A video installation by Sena Başöz at the exhibition.
According to the artist, it takes time and effort to revive an archive by creating narratives from it. Some institutional archives can be handled with care and attention. But what happens to the personal archives, stories and knowledge that do not fit into the institutional structure? This question appeared in Başöz's mind when she worked with an institutional archive last year. She was questioning what we can hide in the face of an end, death.

"A Consolation" came at a time when the artist worked closely with this institutional archive of memory space while reviewing her personal archives of photographs, written and visual materials at her home at the same time. The artist focuses on the lack of resources to pen personal archives and accumulation of knowledge that do not fit in the institutional structure in the narrative. She asks the question, "Can personal narratives and knowledge that are lost, destroyed, torn apart, forgotten or mixed because they are too accumulated be revived as part of a whole?"

The exhibition is named after Roman statesman Marcus Tullius Cicero's lost work "Consolatio," which he wrote to ease his pain after the death of his daughter. Başöz addresses the connections between life and death by using life forms and extensions that are dispersed and fragmented in nature in the exhibit.

Sena Başöz, "Ayçerçeveli" ("Moonframe").

In the exhibit, the video called "The Box" triggers opposing phenomena such as hiding and revealing, holding and releasing, and life and death. Another video installation that takes over the floor of the exhibition space centers on Posidonia oceanica, a species of algae native to the Mediterranean Sea. The artist thinks of the cycles of information and memory that pile up in individual archives on the axis of the cycles of this moss that oscillate together in an underwater meadow and then disperse, form piles on beaches and then turn into compost. The installation is accompanied by photographs taken from the document destruction machine, which formally resembles Posidonia oceanica, as well as collages made of moss, hair and bird feathers.
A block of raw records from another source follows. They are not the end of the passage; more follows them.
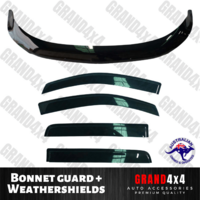 Bonnet Protector + Weathershields for Holden Colorado RG 2016 - 2020 Dual Cab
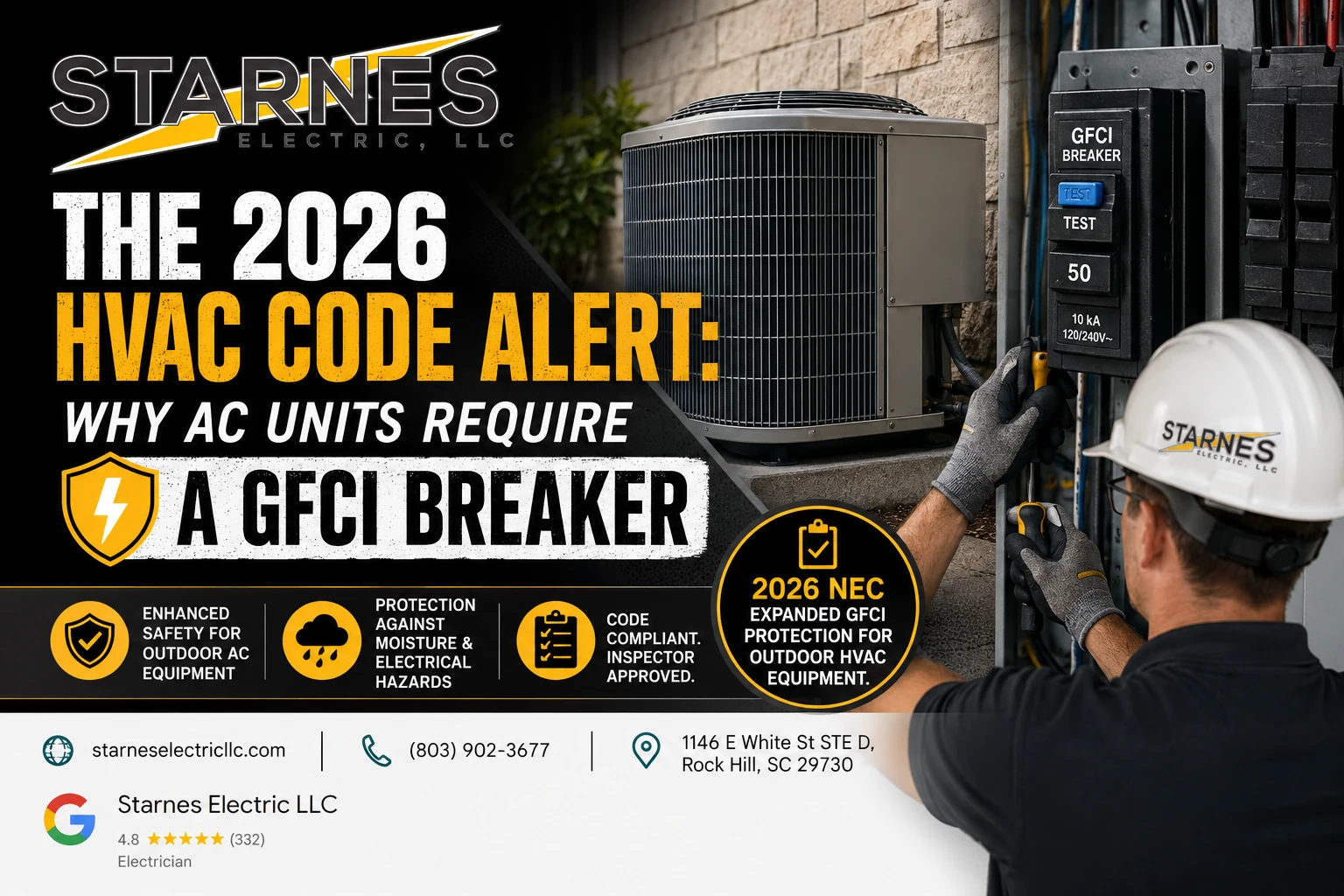 The 2026 HVAC Code Alert Why AC Units Require a GFCI Breaker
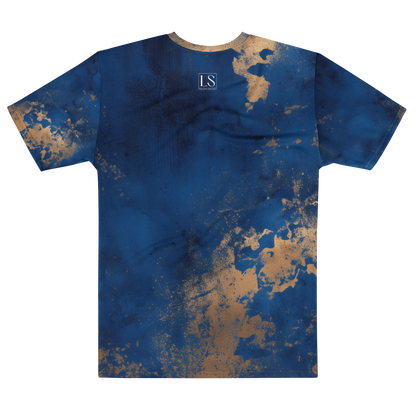 Back view of RESURGE tee with subtle LS logo below the collar - The Lost Soul Co.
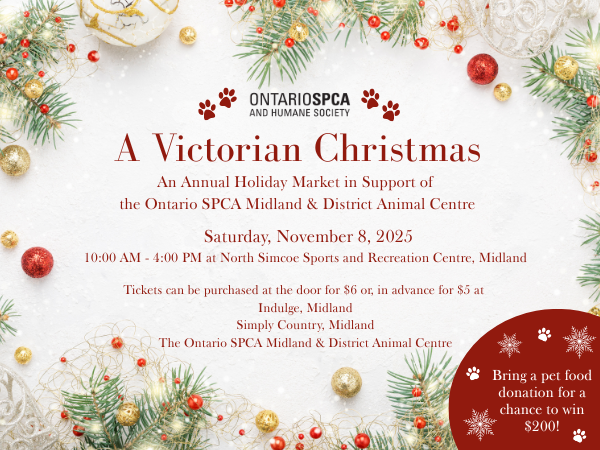 holiday themed event image with event details, garland and decorations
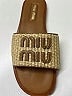 Miu Miu Gold Tan Sandals Size EU 41 1/2 (estimated) - photo 5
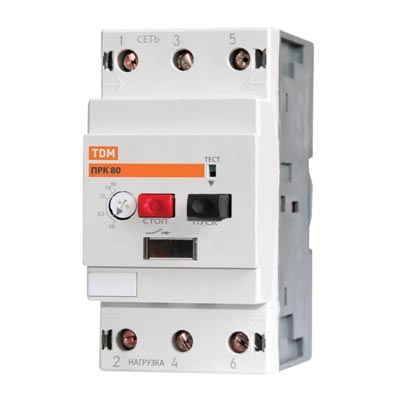 Пускатель ПРК80-80 In=80A Ir=56-80A Ue 660В TDM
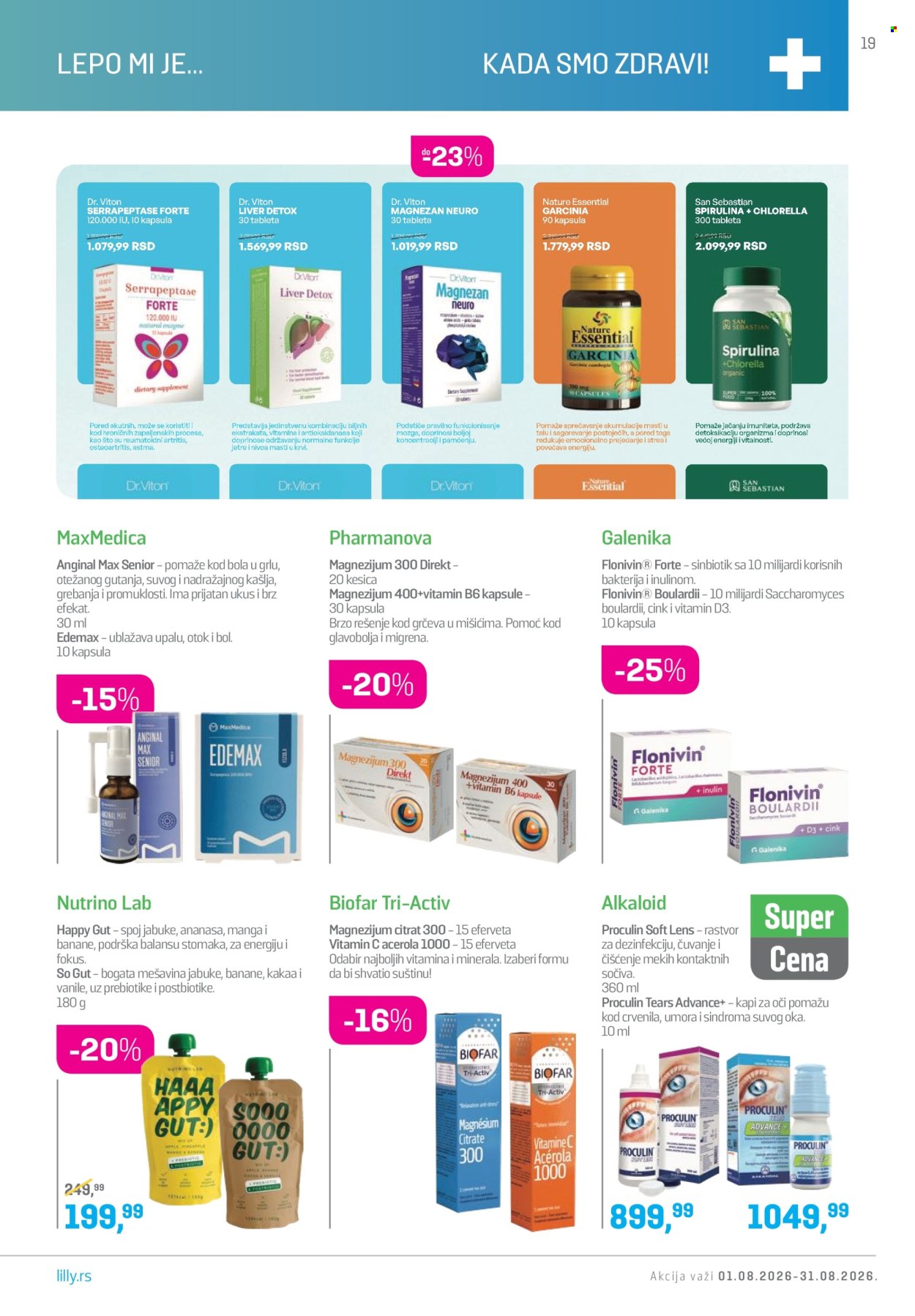 Lilly Drogerie katalog - 01.08.2026 - 31.08.2026. Stranica 19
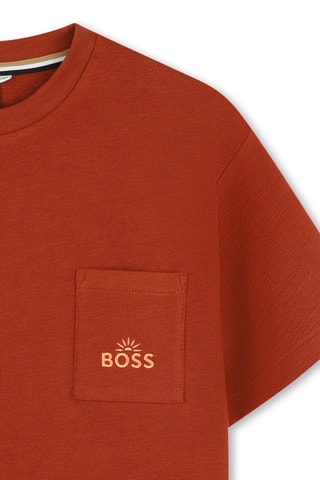 T-shirt - Oranje - Boss
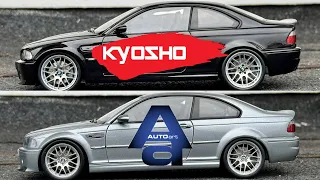 Comparison 1/18 AUTOart vs. Kyosho BMW E46 M3 CSL | Scale Diecast Model Car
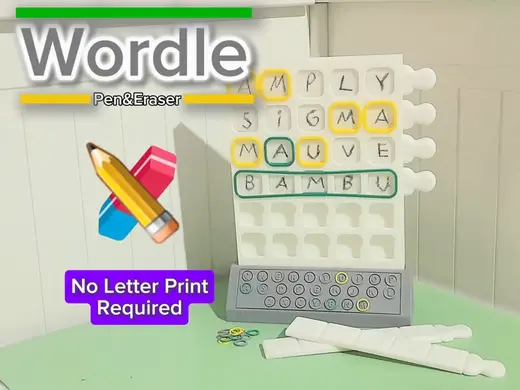 Wordle Minigame (No letters, No AMS)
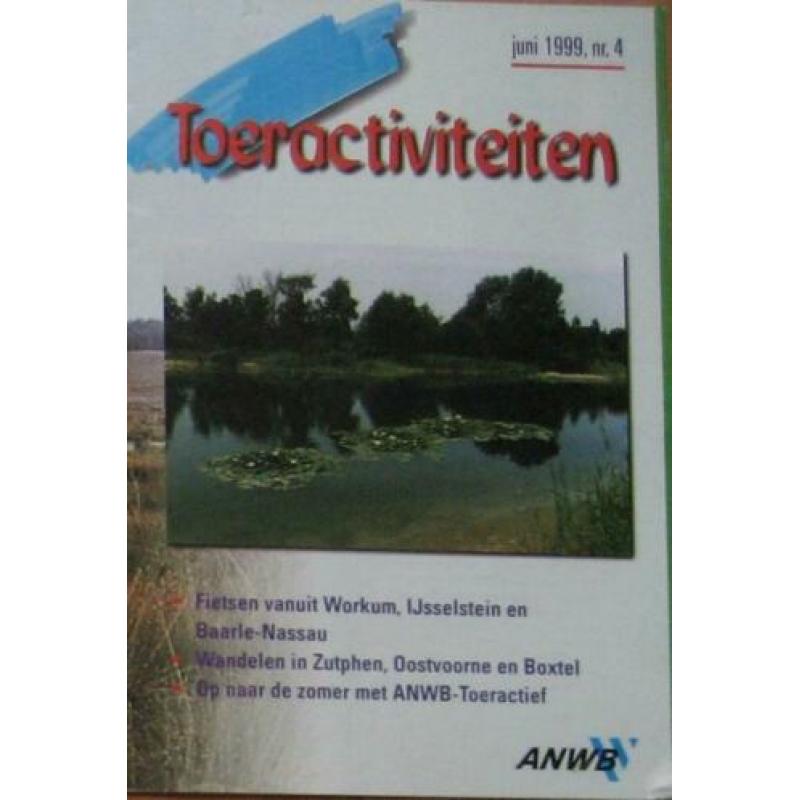 8 Boekjes toeractiviteiten ANWB 1999.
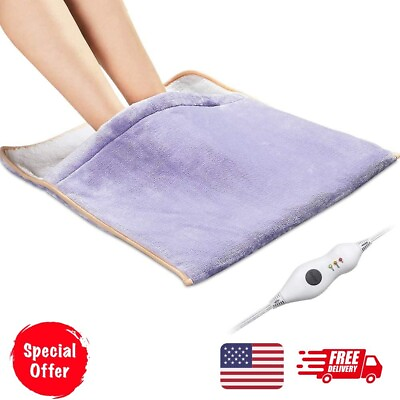 #ad Electric Heated Foot Warmers for Men and Women Foot Heating Pad Electric Large $49.99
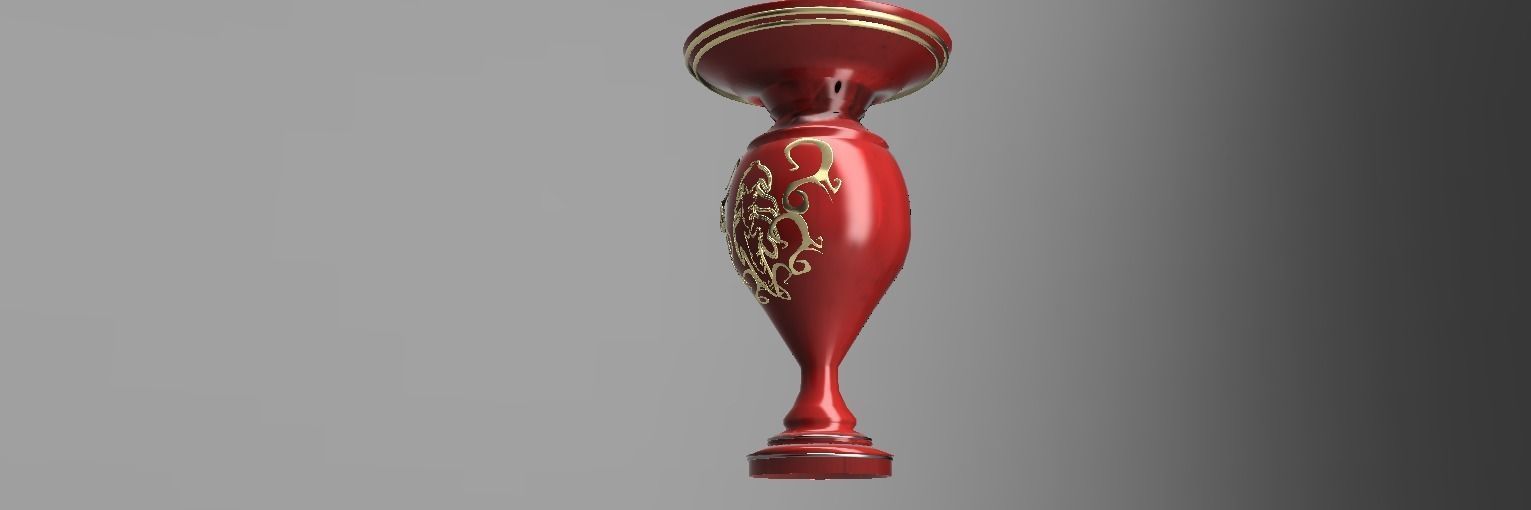 Classic vase version 2 3D model_1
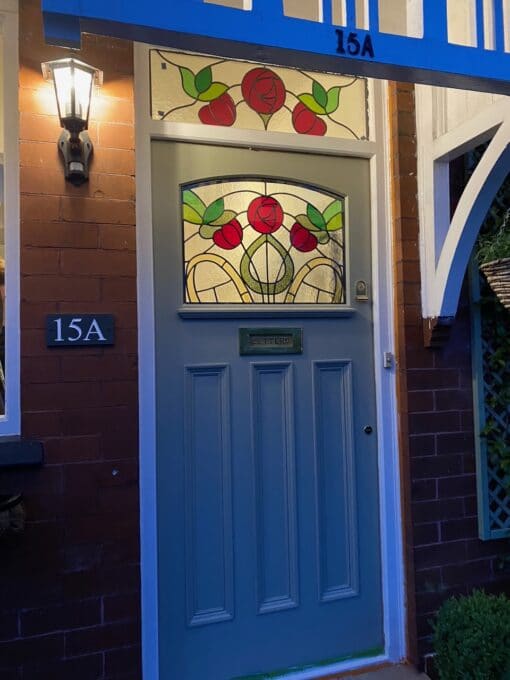 Bespoke 1930's Stained Glass Front Door Supply & Install Stockport
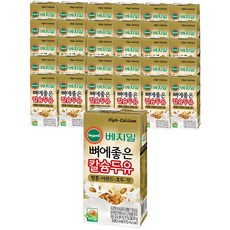 베지밀 뼈에좋은 칼슘두유 땅콩 아몬드 호두 잣, 190ml, 32개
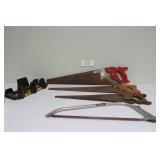 Vtg Hand Saws - Mitre Box & Bow Saw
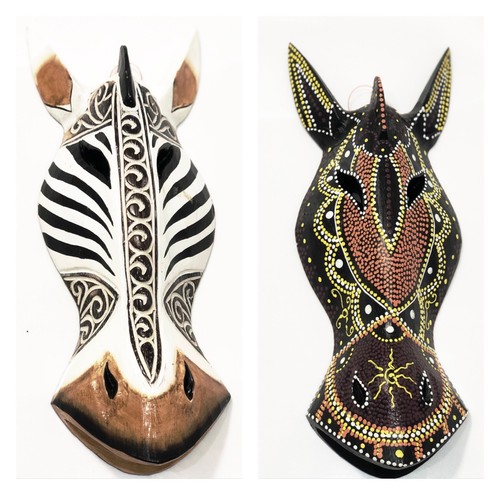 Mask giraffe zebra wooden - giraffe,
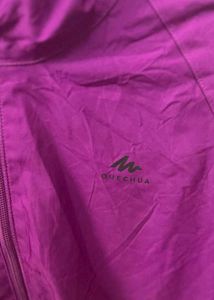 Purple Athletic Windbreaker Jacket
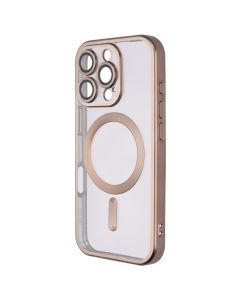 Чехол-накладка для iPhone 16 Pro WAVE Metal Matte Case с магнитным кольцом серого цвета (Desert Titanium)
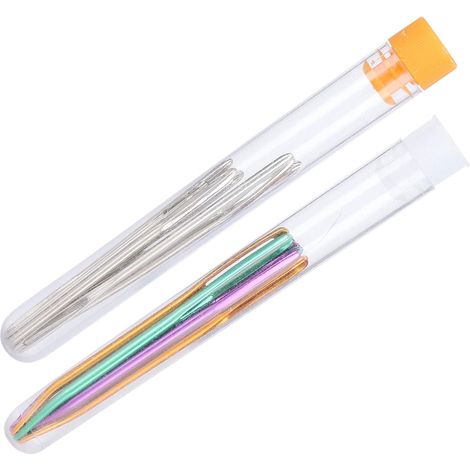 Large Eye Sewing Needles, Pack of 17, Aluminum, Pointed (1/5)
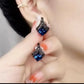 85.Blue Crystal Earring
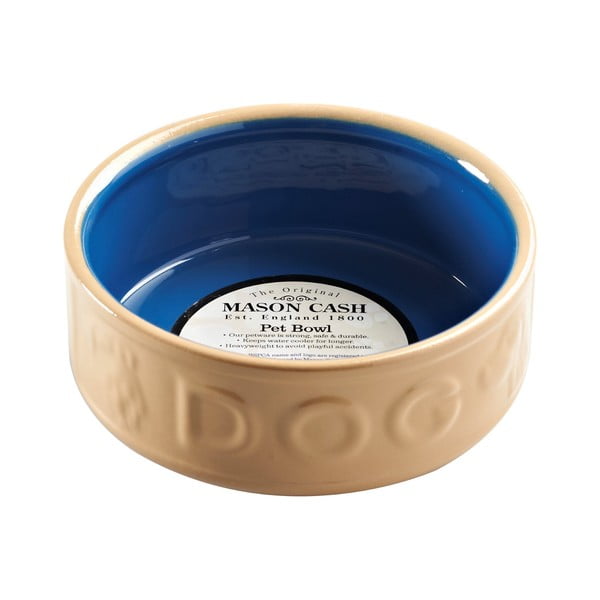 Kamionkowa miska dla psa Mason Cash Cane Blue Dog, ø 18 cm-image-1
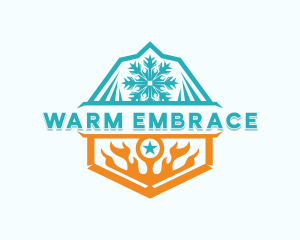 Air Conditioning Temperature logo design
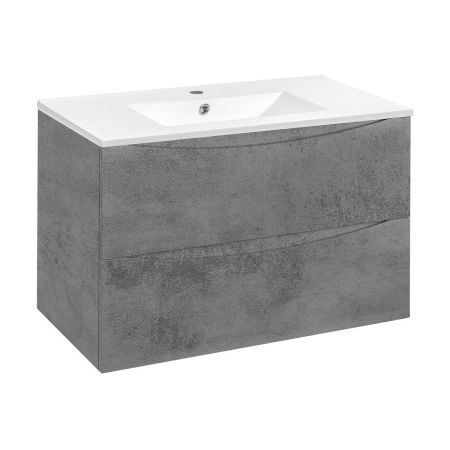 База под керамическую раковину Mia 900 подвесная, 2 выкатных ящика soft close, Beton, артикул VMC-2MC900BT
Başöz continues her research on the conditions and methods of animating an institutional archive for her performance named "Slalom," which she started to develop within the Delfina Foundation Residency Program in London.

"A Consolation" consists of the artist's works on personal archives that have developed in parallel with her work on reinvigorating institutional archives as dealing with an archive is, after all, always about the future for her. Adapting the past and future allows us to understand where we stand today.